Join us for an insightful conversation with three religious studies scholars who have contributed to Reading Religion as authors, reviewers, and reviewees. In this session, Ashon Crawley, Biko Gray, and Oluwatomisin Oredein will share their insights on the intricate relationship between writing, reviewing, and being reviewed.

Ashon Crawley | Crawleyis a professor of religious studies and African American and African studies at the University of Virginia. He is the author of The Lonely Letters (Duke University Press, 2020) an exploration of the interrelation of blackness, mysticism, quantum mechanics and love. He is currently working on a third book, tentatively titled Made Instrument, about the role of the Hammond Organ in the institutional and historic Black Church, in Black sacred practice and in Black social life more broadly. All his work is about otherwise possibility.

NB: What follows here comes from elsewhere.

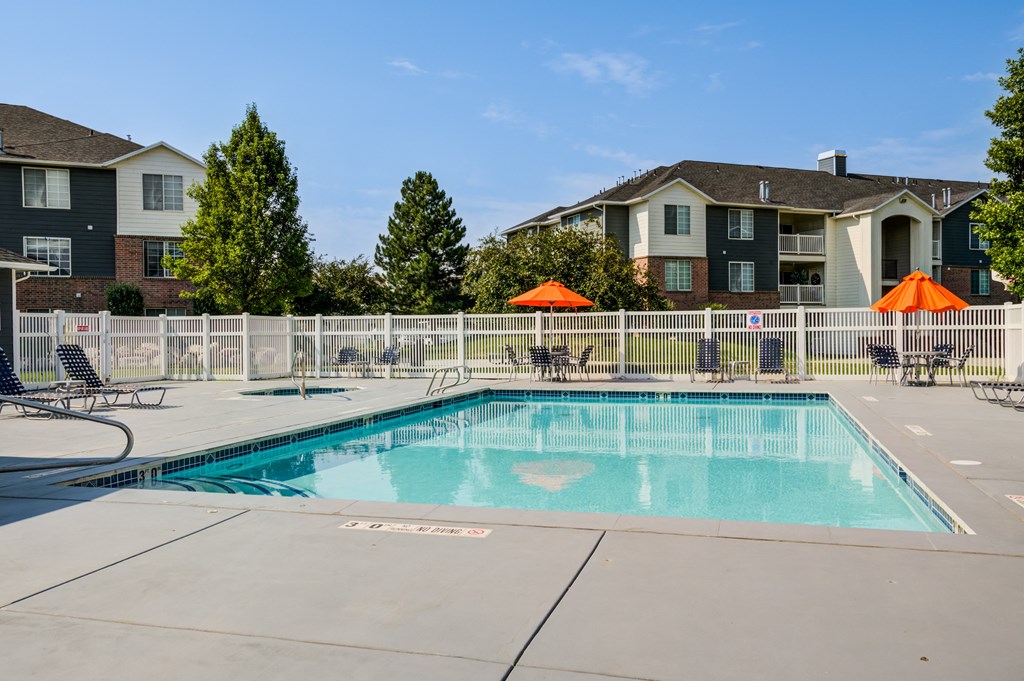 our apartments have a resort style pool with chairs and umbrellas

Biko Mandela Gray | Gray is an assistant professor of religion at Syracuse University and author of Black Life Matter: Blackness, Religion, and the Subject (Duke University Press, 2022). Gray’s work operates at the nexus and interplay between continental philosophy of religion and theories and methods in African American religion. His research is primarily on the connection between race, subjectivity, religion, and embodiment, exploring how these four categories play on one another in the concrete space of human experience. He also is interested in the religious implications of social justice movements.

Oluwatomisin Oredein | Oredein is an assistant professor in Black Religious Traditions, Constructive Theology and Ethics at Brite Divinity School, Texas Christian University. She is also director of the Black Church Studies Program. Her scholastic and creative work engages theopoetics from a Black diasporic perspective, constructive theology, liminal identity and faith, American African articulations of womanist theology and ethics, and postcolonial thought. She is the author of The Theology of Mercy Amba Oduyoye: Ecumenism, Feminism, and Communal Practice (University of Notre Dame Press, 2023), the co-editor of Theopoetics in Color: Embodied Approaches in Theological Discourse with Lakisha R. Lockhart-Rusch (Eerdmans, 2024), and author of the work in process, The Care Book.

Kimberly Davis | Davis is senior editor of Reading Religion, a publication of the American Academy of Religion. Previously, Davis was a journalism instructor at the University of Georgia, the University of Maryland, and Trinity Washington University. She also served as a communications director and consultant for various political campaigns and nonprofit organizations. In her nearly 30-year career, Davis has worked for Ebony magazine, several newspapers, and as a freelance writer and academic editor. She received her bachelor’s degree in journalism from Northwestern University and earned a master’s degree in journalism and mass communication from the University of Georgia.